* Goal of the exercise *
Beginning with the line containing "So new name, hatch, okay." and ending with the line containing "This is how", write out each line of the records below exactly; pictures and lines outside that range are left out.

* Listed records *
☆ ☆ ☆ ☆ ☆

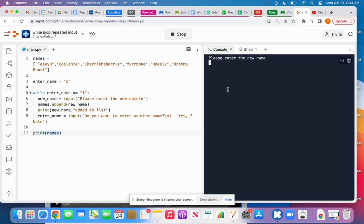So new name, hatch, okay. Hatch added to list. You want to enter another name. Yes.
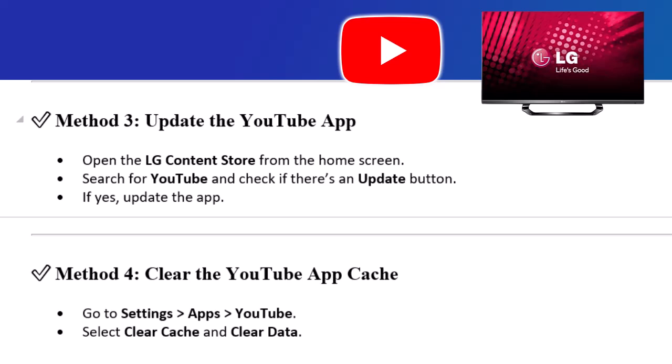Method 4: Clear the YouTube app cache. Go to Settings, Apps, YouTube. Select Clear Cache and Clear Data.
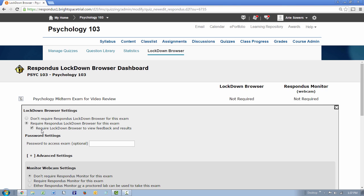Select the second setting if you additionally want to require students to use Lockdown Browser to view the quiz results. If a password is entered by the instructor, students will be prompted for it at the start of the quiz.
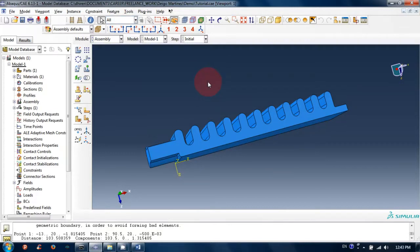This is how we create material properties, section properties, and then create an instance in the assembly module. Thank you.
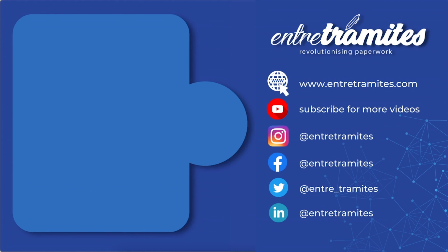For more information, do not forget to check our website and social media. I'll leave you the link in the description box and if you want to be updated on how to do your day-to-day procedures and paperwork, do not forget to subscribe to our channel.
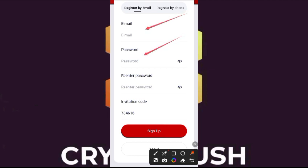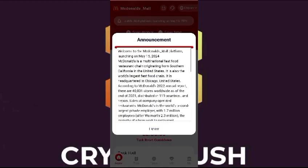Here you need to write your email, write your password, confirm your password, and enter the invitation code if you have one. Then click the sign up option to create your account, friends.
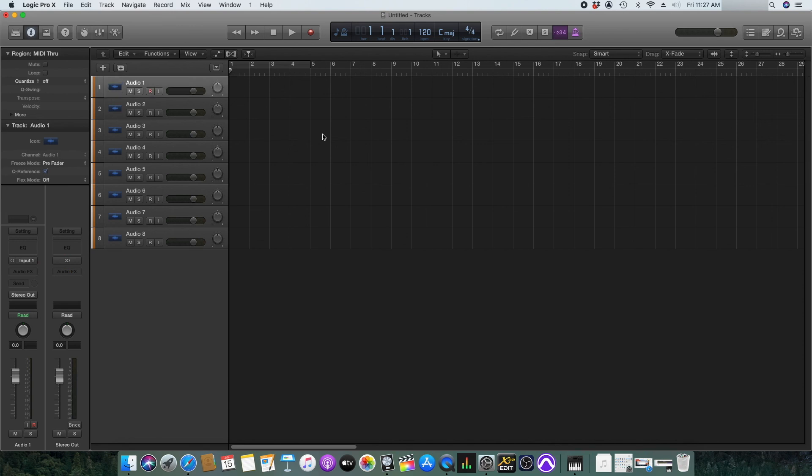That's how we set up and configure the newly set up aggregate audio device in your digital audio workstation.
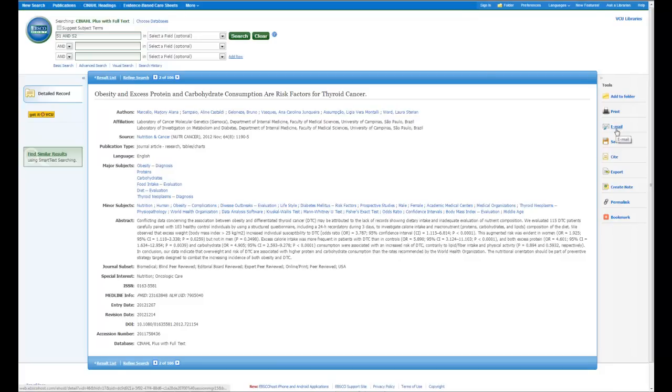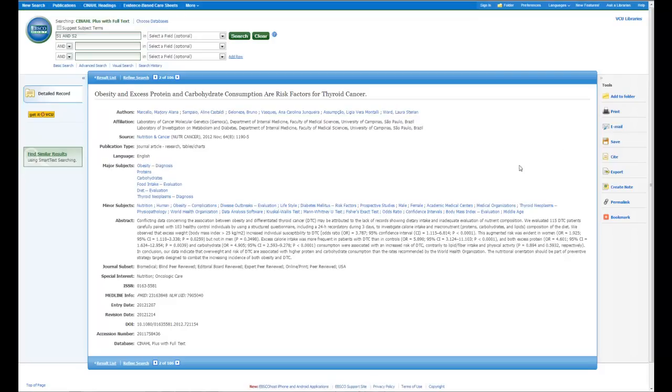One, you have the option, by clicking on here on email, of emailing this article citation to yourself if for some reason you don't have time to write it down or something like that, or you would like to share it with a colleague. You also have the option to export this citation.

☆ ☆ ☆ ☆ ☆

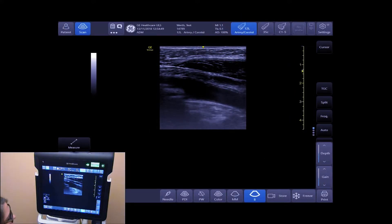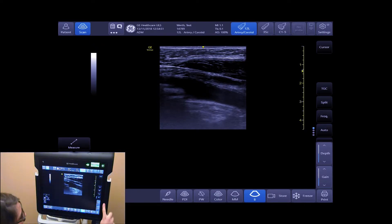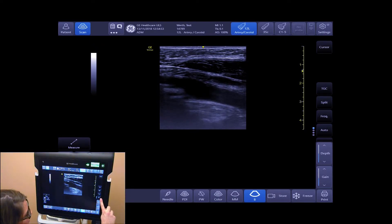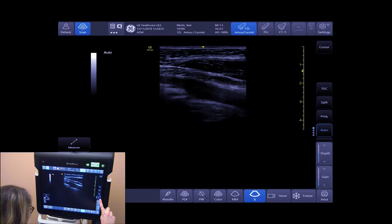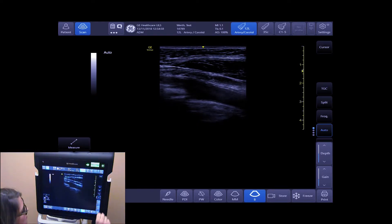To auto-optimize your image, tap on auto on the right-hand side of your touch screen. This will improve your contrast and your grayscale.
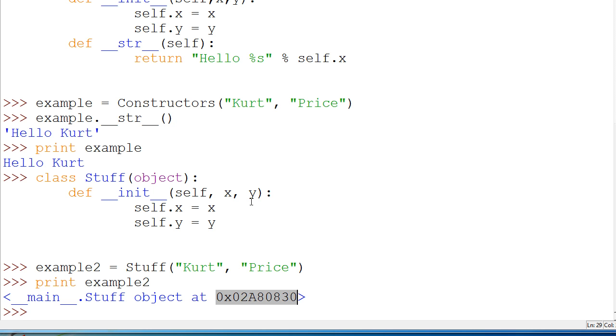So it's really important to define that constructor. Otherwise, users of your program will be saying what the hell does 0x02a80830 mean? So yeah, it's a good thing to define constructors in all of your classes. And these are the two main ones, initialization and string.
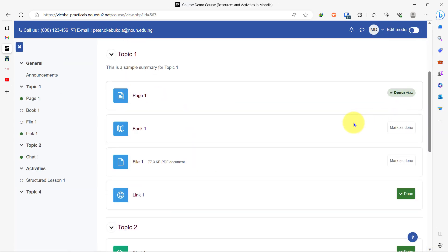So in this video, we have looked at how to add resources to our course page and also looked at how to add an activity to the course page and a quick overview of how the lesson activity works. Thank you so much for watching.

☆ ☆ ☆ ☆ ☆

* Solution to this exercise *
So new name, hatch, okay. Hatch added to list. You want to enter another name. Yes.
Method 4: Clear the YouTube app cache. Go to Settings, Apps, YouTube. Select Clear Cache and Clear Data.
Select the second setting if you additionally want to require students to use Lockdown Browser to view the quiz results. If a password is entered by the instructor, students will be prompted for it at the start of the quiz.
This is how we create material properties, section properties, and then create an instance in the assembly module. Thank you.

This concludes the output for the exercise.